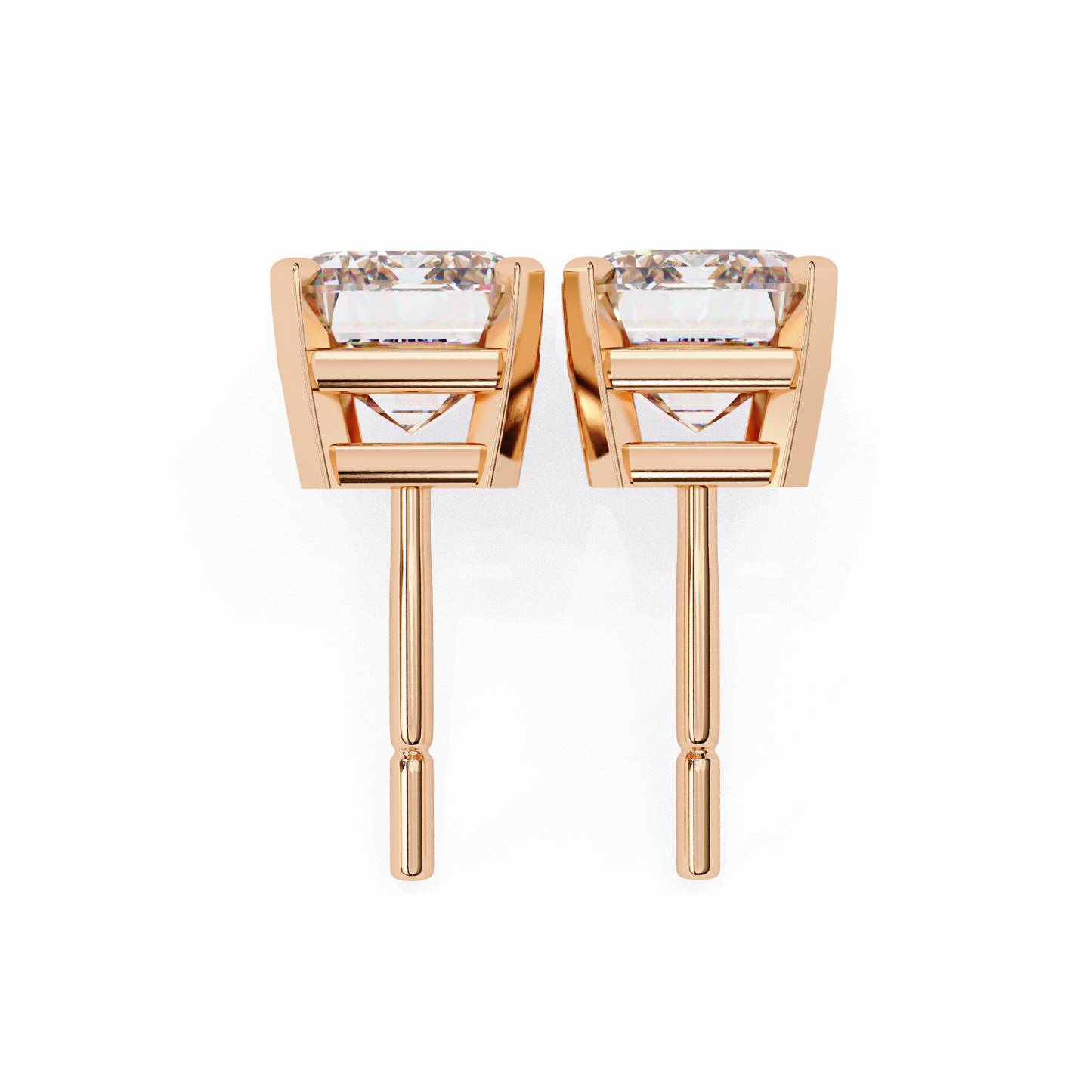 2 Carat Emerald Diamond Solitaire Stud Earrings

□ □ □ □

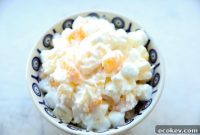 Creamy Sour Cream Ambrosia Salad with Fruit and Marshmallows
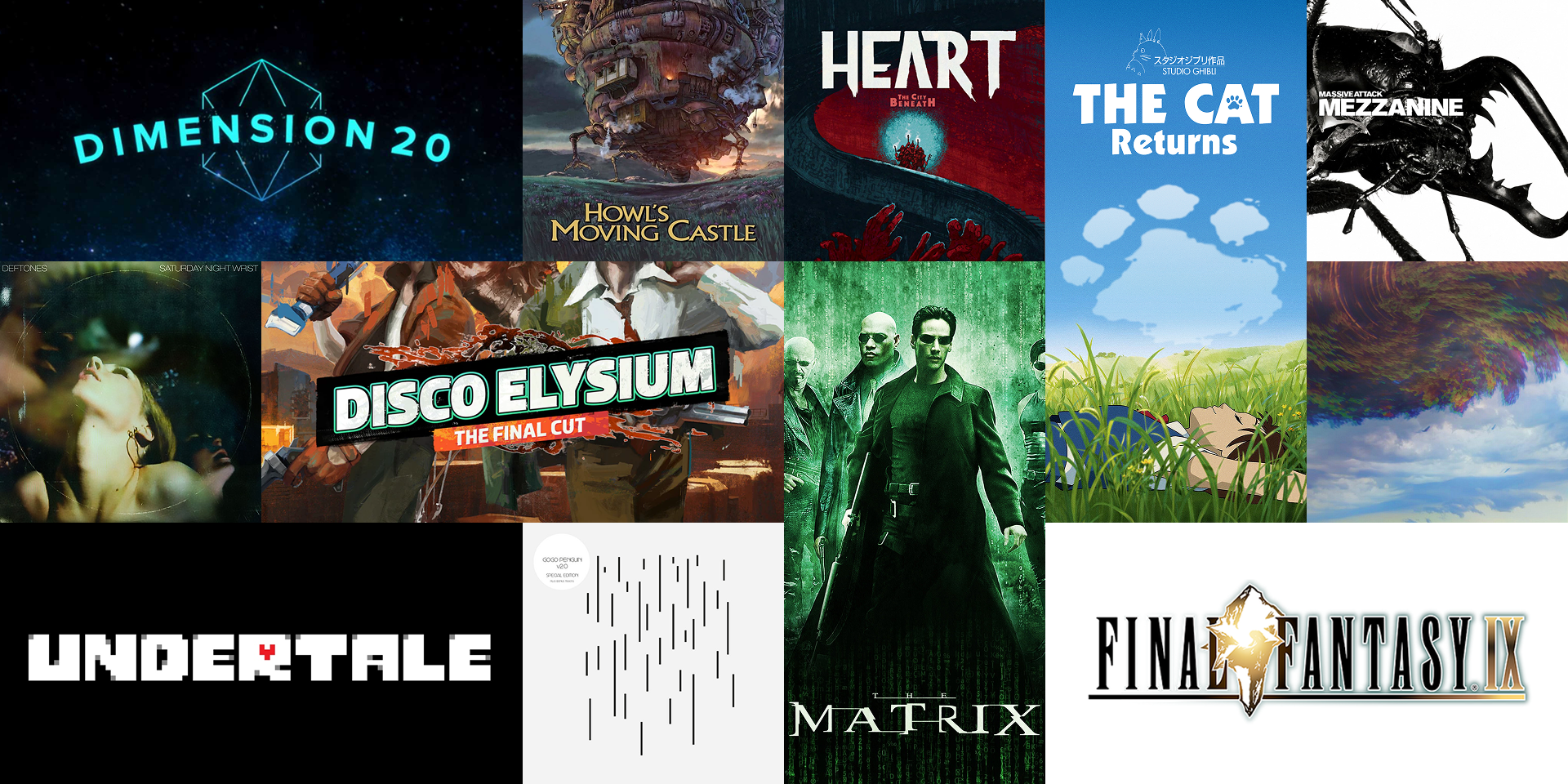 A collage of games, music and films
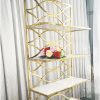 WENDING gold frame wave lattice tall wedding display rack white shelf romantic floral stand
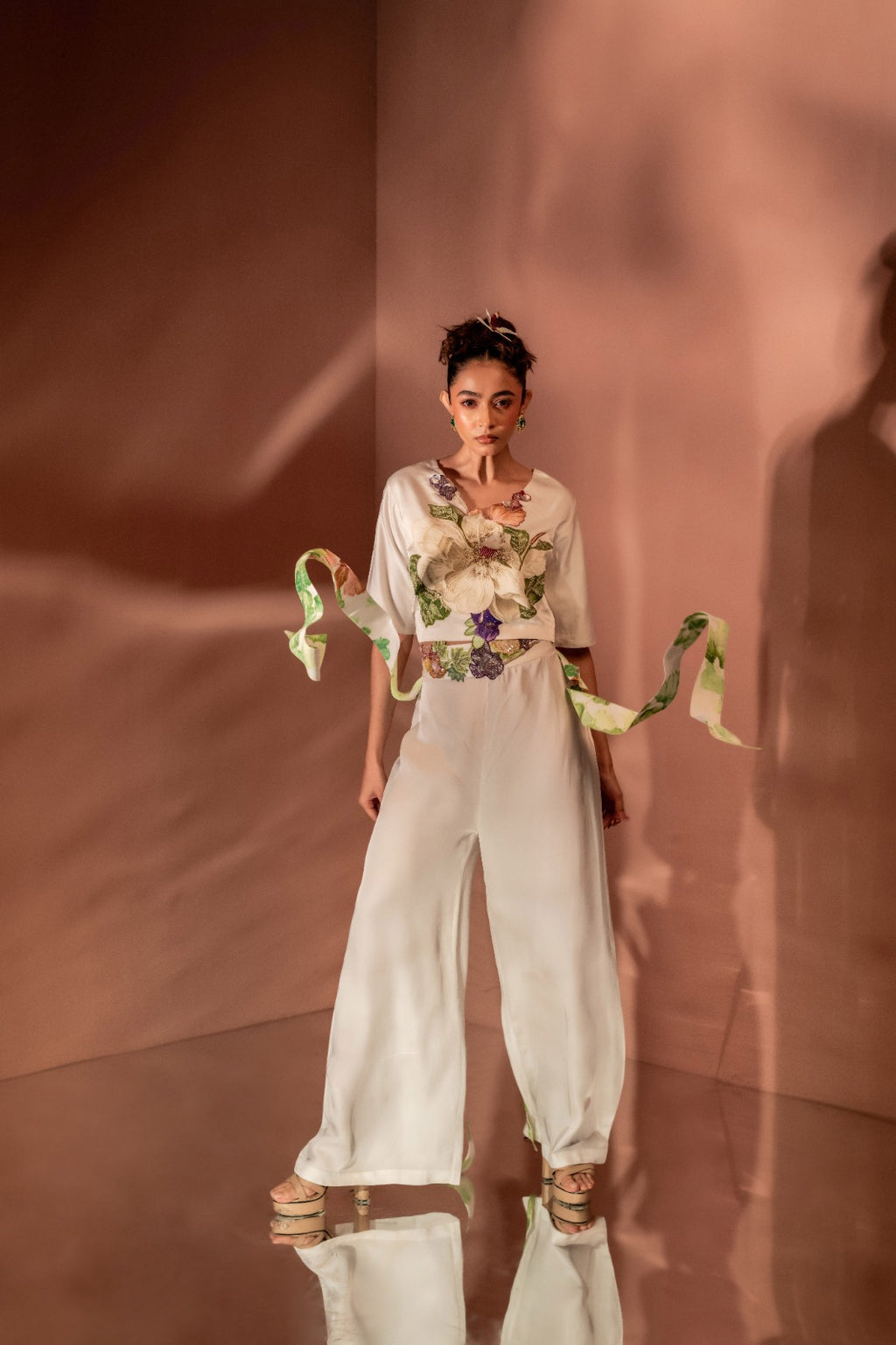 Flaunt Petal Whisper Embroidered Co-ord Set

□ □ □ □

◆ Work instructions: Without the pictures, give again exactly the lines above starting at the line containing "Creamy Sour Cream" and ending at the line containing "Flaunt Petal Whisper Embroidered Co-ord Set".

◆ Written response:
 Creamy Sour Cream Ambrosia Salad with Fruit and Marshmallows
 A collage of games, music and films
 WENDING gold frame wave lattice tall wedding display rack white shelf romantic floral stand
 Flaunt Petal Whisper Embroidered Co-ord Set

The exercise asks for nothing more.